Schwarze: Auf der einen Seite erleben wir einen zunehmenden Ruf nach einer Grundorientierung in den Werten des christlichen Abendlandes die aus dem Horizont der biblischen Botschaft entstanden sind. „Die Würde des Menschen ist unantastbar“ - das ist eine biblische Vorstellung von Gott der den Menschen nach seinem Bilde formte. Diese Forderung gilt ausnahmslos für jeden einzelnen Menschen, sie ist ein Grundsatz mit universeller Bedeutung. Jeder Mensch wurde von Gott gleich geschaffen und mit der gleichen Würde ausgestattet. Hinzu kommen andere Werte wie Solidarität, Achtung, Freundschaft, Hilfsbereitschaft und Nächstenliebe. Das sollte unsere Gesellschaft ausmachen. Dem gegenüber steht die Anwendung von Brauchtum und Riten, die vielfach nicht einmal mehr bekannt sind. Man beruft sich auf Werte, nimmt die religiösen Feiertage gerne in Anspruch, der Inhalt aber ist egal, ist austauschbar.

nnz: Was meinen Sie konkret? Die Weihnachtsgeschichte ist doch auch heute noch allgemein bekannt, „Stille Nacht, heilige Nacht“, das ist doch noch präsent, oder nicht?

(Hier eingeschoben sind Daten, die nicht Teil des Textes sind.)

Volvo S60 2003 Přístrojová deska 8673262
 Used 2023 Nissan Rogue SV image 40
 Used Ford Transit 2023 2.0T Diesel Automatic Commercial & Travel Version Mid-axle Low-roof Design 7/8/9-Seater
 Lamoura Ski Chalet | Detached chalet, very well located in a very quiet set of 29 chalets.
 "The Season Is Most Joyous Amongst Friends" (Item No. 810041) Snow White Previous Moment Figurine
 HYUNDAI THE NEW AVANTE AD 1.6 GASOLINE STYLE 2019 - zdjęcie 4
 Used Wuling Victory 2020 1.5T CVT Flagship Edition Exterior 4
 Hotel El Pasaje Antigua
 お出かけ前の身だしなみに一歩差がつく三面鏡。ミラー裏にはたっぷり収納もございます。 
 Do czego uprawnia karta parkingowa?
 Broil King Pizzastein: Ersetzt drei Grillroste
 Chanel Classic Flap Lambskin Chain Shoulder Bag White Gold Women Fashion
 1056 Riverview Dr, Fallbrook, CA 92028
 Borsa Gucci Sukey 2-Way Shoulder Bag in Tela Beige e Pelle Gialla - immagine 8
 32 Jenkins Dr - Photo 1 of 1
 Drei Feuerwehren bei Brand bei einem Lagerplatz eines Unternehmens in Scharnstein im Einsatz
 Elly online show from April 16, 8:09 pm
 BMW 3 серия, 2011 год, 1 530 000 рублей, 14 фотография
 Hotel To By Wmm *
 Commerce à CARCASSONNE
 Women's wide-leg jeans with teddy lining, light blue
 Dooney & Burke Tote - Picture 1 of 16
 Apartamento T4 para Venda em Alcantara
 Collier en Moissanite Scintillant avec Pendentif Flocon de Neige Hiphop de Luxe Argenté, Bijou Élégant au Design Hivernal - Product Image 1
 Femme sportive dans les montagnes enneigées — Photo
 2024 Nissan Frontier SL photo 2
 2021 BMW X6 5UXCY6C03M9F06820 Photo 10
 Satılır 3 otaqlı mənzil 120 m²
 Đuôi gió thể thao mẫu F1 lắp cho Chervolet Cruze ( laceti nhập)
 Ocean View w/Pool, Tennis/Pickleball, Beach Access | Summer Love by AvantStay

Schwarze: Nehmen Sie zum Beispiel den Unterschied zwischen Advents- und Weihnachtszeit. Den kennt man heute kaum noch. Der Weihnachtsbaum strahlt schon hell erleuchtet lange vor dem 24. Dezember. In dem eigentlichen Brauchtum steckt aber auch eindeutige Symbolik. Der Baum wird am 23. angeputzt, am 24. leuchtet er. Ein Hoffnungszeichen wie es das Jesuskind war. Am Baum hingen eigentlich einmal Äpfel statt Glaskugeln, als Symbol von Adam und Eva und dem verlorenen Paradies. Das Kommen des Kindes ist auch die Auflösung dieses Verlustes. Das Paradies sollte ein unerreichbarer Sehnsuchtsort sein, mit der Weihnachtsgeschichte aber werden Sehnsüchte erreichbar. Der Weihnachtsfrieden, der über uns kommt, nicht nur in der heiligen Nacht sondern im Lebenswandel der Menschen, das ist keine fiktive Vision einer unerreichbaren Sehnsucht und Hoffnung, sondern wird zu einer realen Möglichkeit. Jeder kann das aufnehmen und auf seine Weise umsetzen.

nnz: Das große Reformationsjahr ist vorbei, das neue steht schon vor der Tür. Was macht man nach so einem Jahr?

Schwarze: Große Events wird es erst einmal nicht geben. Wir wollen aber an den Kooperationen festhalten und anknüpfen, die wir in diesem Jahr erfahren haben. Eine Zukunftswerkstatt ist geplant in der wir uns damit befassen wollen was uns in den nächsten Jahren tragen und bewegen soll. Die Konzentration wird also erst einmal auf dem Inneren liegen aber mit dem eindeutigen Blick nach außen. Wir sind Kirche in der Welt.

nnz: Herr Schwarze, wir danken für das Gespräch und wünschen frohe Feiertage.